Trump v. Mazars and Trump v. Deutsche Bank should be very easy cases.
Both involve congressional subpoenas seeking, among other things, many of President Trump’s financial documents. The subpoenas target banks and an accounting firm that possess many of Trump’s documents; Trump sued them to prevent them from complying with the subpoena.
The Supreme Court has said repeatedly, over the course of many decades, that courts owe tremendous deference to congressional investigators. The Court held in Quinn v.
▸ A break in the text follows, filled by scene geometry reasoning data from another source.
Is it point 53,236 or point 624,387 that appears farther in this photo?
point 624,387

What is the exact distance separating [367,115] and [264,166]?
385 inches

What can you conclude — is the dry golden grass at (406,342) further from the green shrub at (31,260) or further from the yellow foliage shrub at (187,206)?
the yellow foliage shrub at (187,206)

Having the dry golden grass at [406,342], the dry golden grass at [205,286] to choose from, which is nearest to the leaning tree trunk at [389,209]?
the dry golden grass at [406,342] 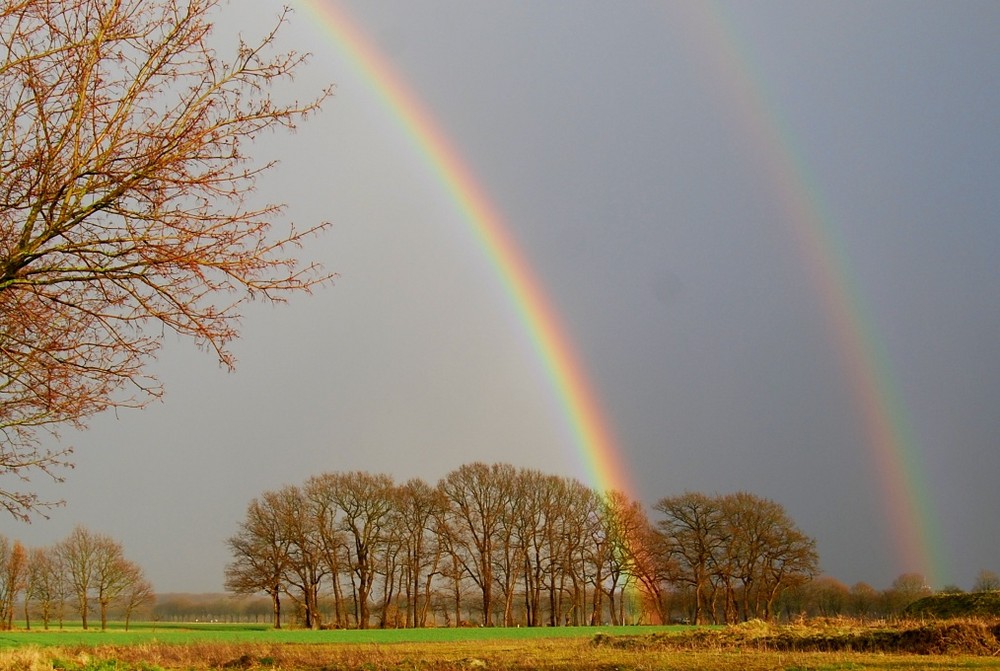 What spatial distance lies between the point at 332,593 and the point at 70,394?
74.9 metres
United States (1955) that congressional power to conduct investigations is “co-extensive with the power to legislate.” Legislative subpoenas are permissible, the Court later explained, whenever that subpoena is “intended to gather information about a subject on which legislation may be had.”
And yet, at Tuesday’s oral arguments on both cases, a majority of the Court seemed concerned that the House has too much power to investigate the president. The Supreme Court appears likely to create a special rule for Trump — or, at least, for sitting presidents — that it wouldn’t apply to any other person.
Part of the story here is that Douglas Letter, the lawyer for the US House, delivered a disastrous performance at Tuesday’s oral argument. Not long after Letter began his argument, Chief Justice John Roberts expressed disagreement with the Court’s longstanding rule giving Congress broad power to conduct investigations, and asked Letter if he could suggest any limits on congressional investigatory power. Letter had no good answer to that question, and he stumbled over various versions of it again and again as the argument wore on.
For someone who cares about presidential accountability, or about precedent, or about the basic rule that no one should be above the law, it was a torturous spectacle. It’s clear that a majority of the Supreme Court believes that decades of prior decisions were wrongly decided, at least when President Trump is involved. And Letter did nothing to allay their concerns.
The one silver lining for anyone troubled by the argument in Mazars and Deutsche Bank, is that the Court appeared more measured in a third case that was also argued on Tuesday, Trump v. Vance. Vance involves a New York grand jury’s investigation into possible criminal activity by the Trump Organization, and the justices appeared more sympathetic to the Manhattan district attorney’s arguments that this investigation should not be shut down than they were to Letter’s arguments in Mazars and Deutsche Bank.
But even if Trump does not prevail in Vance, it’s not clear that such a decision will matter very much in the short term. As several justices emphasized, documents obtained in a grand jury investigation are typically confidential unless they are introduced as evidence in a criminal proceeding. So, if Trump or the Trump Organization is engaged in criminal activity, it is unlikely that the public will see the evidence of that activity any time soon.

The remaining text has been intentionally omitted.